Nature already has a solution to water contamination

Researchers look into an ancient Native American method of purifying water with cactus goo.
Prickly Pear Cactus

There have been several man-made solutions to water purification but judging by advancements in the field of biomimicry, it seems that nature always has the best solutions to its own problems. Researchers have caught on to a traditional Native American and Mexican water purification method that uses the inner sap of the common cactus plant.

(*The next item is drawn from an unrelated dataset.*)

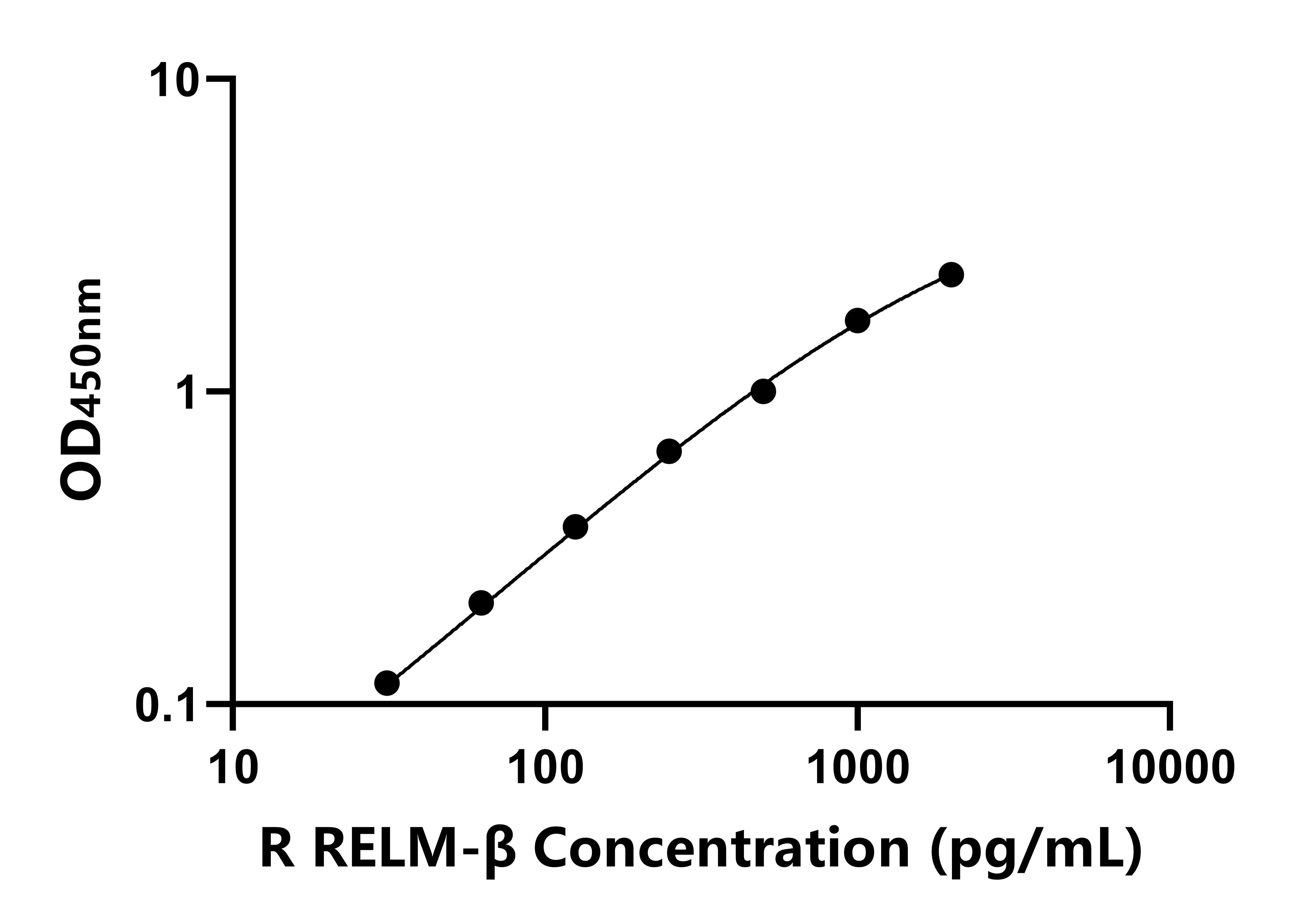 大鼠(RELM-β)ELISA試劑盒 大鼠(RELM-β)ELISA試劑盒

The cactus substance presents an environmentally friendly, surprisingly simple solution to contaminated water. The cultivation of this substance and development of the purification method could significantly impact the lives of the one billion people in the world who do not have access to clean, drinkable water.

The substance inside the cactus, called mucilage, keeps the plant hydrated. Researchers have found that the sugar particles in the mucilage have the ability to filter contaminants such as various chemicals and arsenic from polluted water.

The Mexican water purification method is as simple as boiling the mucilage of a prickly pear cactus in contaminated water. The pollutants rise to the top and are easily scooped out of the liquid.

After the 2006 Haiti earthquake, researchers tested the method and found that the mucilage easily removed sediment as well as arsenic and harmful bacteria from polluted water. Using this approach, the researchers were able to help provide potable water to the victims of the earthquake.

The mucilage is a promising eco-friendly alternative to currently used chemical dispersants that cause a lot of damage to local ecosystems while cleaning up oil spills or water-based pollution. Researchers are adamant that the cactus substance could be just as effective as common approaches for filtering oil.